Resulted in this output:

The test runs fine until the request count reaches little above 28000, and then It gives the following error.

phpApp          | %3|1718821570.096|FAIL|rdkafka#producer-2836| [thrd:kafka:9092/bootstrap]: kafka:9092/bootstrap: Failed to connect to broker at kafka-3.7.kafka-producer-k6_default:9092: Cannot assign requested address (after 6ms in state CONNECT)
phpApp          | %3|1718821570.096|FAIL|rdkafka#producer-2816| [thrd:kafka:9092/bootstrap]: kafka:9092/bootstrap: Failed to connect to broker at kafka-3.7.kafka-producer-k6_default:9092: Cannot assign requested address (after 6ms in state CONNECT, 1 identical error(s) suppressed)

rdkafka support | enabled
php-rdkafka ersion | 6.0.3
build date | Jun 21 2024 16:21:00
librdkafka version (runtime) | 1.6.0
librdkafka version (build) | 1.6.0.255

If I wait for a minute or so, and run the test again, it goes as normal at around 1300 req/s, until it hits the 28k mark, and stalls again.

Any idea, what is causing this stall? Been pulling hair on this for a while, can't seem to figure out. Much appreciate any assistance.

php-rdkafka Version

6.0.3

librdkafka Version

1.6

PHP Version

PHP 8.2

Operating System

Windows WSL Docker

Kafka Version

bitnami/kafka:3.7.0

kapyaar commented 3 months ago

Few Observations

Of the 4 pieces

  1. Nginx Unit Server
  2. PHP 8.2
  3. bitnami/kafka:3.7.0
  4. php-rdkafka

Nginx Unit with php If I run the same load test to a basic nothing.php that has a single line

echo "Connected, Got Response";

the K6 test for 30 seconds results in ~7k requests per second. So, this does not seem to be the issue. http_reqs......................: 204813 [6821.635938/s]

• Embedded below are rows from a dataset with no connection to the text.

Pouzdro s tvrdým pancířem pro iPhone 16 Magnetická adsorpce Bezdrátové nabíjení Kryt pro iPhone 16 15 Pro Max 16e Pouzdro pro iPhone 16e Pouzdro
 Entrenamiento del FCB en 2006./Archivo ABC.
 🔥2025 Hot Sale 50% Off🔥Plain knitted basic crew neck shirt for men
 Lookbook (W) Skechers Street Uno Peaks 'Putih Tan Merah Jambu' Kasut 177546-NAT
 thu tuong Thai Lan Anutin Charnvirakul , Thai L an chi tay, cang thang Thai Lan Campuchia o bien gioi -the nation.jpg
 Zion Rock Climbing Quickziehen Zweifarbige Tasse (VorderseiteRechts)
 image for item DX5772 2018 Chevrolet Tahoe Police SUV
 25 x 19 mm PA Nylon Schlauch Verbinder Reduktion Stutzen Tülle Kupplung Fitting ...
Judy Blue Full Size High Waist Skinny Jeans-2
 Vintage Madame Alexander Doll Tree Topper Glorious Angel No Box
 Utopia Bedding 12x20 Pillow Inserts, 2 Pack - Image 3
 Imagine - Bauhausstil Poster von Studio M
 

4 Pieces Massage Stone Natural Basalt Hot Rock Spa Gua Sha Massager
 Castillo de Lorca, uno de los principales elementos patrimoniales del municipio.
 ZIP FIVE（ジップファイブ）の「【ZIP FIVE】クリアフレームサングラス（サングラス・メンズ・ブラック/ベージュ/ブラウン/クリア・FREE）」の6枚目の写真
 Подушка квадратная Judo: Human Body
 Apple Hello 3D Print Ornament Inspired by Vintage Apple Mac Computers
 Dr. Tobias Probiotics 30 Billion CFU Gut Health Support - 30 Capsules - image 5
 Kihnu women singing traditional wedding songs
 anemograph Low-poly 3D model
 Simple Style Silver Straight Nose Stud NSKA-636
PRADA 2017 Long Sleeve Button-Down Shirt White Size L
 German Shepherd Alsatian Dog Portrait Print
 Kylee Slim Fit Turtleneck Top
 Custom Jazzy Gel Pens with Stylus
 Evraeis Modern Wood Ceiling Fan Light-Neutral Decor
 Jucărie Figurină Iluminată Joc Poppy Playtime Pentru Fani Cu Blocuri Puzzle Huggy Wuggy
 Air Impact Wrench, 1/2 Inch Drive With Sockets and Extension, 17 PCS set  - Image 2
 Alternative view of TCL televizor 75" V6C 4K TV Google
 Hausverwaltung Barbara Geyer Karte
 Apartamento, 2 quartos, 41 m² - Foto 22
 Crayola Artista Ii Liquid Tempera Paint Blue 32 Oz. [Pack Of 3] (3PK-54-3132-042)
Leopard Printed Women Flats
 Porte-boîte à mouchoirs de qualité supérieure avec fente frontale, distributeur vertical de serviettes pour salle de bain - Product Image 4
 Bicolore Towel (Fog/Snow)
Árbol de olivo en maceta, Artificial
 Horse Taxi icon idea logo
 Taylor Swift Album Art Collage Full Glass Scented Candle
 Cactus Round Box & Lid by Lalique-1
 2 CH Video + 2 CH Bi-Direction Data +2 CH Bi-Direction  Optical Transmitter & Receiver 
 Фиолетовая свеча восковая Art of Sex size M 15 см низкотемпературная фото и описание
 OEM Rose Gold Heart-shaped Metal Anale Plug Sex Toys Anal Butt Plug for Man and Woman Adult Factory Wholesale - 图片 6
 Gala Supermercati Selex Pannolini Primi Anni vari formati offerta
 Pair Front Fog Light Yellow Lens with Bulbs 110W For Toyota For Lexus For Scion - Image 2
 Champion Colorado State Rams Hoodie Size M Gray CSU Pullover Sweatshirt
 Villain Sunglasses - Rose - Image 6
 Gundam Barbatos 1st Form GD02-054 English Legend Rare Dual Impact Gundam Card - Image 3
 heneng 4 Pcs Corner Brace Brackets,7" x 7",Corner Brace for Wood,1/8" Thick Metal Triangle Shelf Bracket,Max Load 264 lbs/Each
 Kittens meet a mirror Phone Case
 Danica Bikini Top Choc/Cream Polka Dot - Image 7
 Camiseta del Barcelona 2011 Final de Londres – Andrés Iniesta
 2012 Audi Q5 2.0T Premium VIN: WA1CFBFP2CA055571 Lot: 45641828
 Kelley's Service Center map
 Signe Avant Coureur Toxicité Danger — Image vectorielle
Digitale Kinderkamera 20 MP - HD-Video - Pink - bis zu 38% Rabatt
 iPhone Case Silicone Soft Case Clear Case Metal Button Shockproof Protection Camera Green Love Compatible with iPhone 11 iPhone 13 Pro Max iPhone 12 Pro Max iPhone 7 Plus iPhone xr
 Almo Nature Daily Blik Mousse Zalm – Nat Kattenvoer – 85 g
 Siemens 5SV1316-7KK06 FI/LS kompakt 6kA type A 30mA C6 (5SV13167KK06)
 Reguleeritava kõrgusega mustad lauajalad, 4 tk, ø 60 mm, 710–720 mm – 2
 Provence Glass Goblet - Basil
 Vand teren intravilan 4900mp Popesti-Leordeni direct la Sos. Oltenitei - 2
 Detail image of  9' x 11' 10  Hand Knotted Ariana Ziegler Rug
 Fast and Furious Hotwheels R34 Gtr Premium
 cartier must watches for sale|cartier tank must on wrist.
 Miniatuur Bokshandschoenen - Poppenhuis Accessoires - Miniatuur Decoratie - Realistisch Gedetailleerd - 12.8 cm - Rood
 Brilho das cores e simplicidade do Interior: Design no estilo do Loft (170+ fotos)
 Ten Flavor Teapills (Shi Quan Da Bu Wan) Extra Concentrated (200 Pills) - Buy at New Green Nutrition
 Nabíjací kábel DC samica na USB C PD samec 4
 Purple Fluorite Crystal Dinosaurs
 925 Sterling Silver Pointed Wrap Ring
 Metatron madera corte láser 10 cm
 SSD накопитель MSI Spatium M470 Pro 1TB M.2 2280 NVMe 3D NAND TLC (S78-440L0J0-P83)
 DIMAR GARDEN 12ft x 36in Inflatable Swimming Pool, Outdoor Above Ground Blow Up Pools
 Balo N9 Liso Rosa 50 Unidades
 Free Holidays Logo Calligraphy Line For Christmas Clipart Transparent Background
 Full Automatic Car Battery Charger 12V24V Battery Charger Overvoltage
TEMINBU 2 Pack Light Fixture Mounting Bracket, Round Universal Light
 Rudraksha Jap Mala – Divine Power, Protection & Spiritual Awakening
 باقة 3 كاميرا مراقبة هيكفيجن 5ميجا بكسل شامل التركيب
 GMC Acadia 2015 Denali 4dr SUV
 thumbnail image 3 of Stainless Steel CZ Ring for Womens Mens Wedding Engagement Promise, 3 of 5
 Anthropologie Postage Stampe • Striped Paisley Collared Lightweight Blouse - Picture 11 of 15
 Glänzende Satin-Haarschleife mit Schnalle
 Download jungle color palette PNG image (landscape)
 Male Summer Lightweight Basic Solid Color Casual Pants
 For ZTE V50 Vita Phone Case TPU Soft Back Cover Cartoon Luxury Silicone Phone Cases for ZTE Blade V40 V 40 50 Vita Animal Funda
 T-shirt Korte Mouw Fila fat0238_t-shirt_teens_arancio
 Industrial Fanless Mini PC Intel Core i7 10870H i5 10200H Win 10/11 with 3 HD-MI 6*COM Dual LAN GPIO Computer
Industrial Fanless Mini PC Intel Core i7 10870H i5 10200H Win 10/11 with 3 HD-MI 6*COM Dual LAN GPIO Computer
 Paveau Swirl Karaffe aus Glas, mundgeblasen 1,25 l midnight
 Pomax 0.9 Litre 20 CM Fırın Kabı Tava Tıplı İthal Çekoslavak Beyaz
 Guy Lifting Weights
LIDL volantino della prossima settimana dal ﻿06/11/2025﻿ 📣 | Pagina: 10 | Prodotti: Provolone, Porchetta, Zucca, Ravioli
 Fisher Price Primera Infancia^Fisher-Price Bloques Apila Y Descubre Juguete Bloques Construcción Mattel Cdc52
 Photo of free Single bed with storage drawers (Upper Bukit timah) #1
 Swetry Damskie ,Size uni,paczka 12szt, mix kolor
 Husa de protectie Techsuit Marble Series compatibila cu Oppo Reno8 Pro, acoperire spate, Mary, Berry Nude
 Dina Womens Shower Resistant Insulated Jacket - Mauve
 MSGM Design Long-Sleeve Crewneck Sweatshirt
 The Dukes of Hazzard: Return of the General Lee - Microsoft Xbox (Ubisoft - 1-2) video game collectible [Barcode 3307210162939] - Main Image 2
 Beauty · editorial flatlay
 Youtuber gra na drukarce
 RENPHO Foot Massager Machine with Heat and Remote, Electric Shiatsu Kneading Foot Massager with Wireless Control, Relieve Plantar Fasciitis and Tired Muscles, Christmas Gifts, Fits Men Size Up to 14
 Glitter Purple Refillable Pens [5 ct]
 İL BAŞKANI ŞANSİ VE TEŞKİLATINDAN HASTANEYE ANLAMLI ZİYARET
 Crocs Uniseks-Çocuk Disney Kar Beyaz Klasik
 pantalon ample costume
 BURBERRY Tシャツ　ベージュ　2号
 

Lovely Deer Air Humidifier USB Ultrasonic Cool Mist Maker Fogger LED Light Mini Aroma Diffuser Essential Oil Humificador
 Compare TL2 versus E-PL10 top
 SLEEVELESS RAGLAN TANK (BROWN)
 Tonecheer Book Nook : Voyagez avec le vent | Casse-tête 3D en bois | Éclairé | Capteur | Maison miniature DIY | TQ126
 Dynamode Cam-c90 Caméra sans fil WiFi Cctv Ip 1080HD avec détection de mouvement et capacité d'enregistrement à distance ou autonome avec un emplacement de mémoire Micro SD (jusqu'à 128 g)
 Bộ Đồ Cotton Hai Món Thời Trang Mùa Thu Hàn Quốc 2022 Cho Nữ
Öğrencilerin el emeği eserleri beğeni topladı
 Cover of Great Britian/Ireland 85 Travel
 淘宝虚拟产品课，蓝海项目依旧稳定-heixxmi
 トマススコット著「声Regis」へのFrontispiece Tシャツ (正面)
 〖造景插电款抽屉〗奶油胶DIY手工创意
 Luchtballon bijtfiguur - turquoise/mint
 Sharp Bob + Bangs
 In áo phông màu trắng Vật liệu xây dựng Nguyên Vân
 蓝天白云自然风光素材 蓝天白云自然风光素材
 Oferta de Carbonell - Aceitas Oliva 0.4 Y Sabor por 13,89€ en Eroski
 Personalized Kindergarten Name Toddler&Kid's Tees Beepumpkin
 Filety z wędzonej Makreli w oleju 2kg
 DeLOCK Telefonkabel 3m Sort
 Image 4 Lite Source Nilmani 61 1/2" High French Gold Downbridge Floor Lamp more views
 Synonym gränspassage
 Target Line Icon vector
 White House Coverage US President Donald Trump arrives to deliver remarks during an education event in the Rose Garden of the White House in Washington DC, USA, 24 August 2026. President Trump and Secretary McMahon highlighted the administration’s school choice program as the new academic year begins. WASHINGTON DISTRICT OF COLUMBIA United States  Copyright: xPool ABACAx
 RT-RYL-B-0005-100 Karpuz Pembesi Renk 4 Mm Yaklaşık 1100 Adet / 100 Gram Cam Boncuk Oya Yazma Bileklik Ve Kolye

Bitnami/kafka:3.7.0 I had someone else test this part, he used python (instead of php), and the test completed without any stalls.

This makes me think that something between php/ rdkafka might be turning out the bottleneck. I may be wrong. But been battling this for a while. Hope someone can throw some light on this.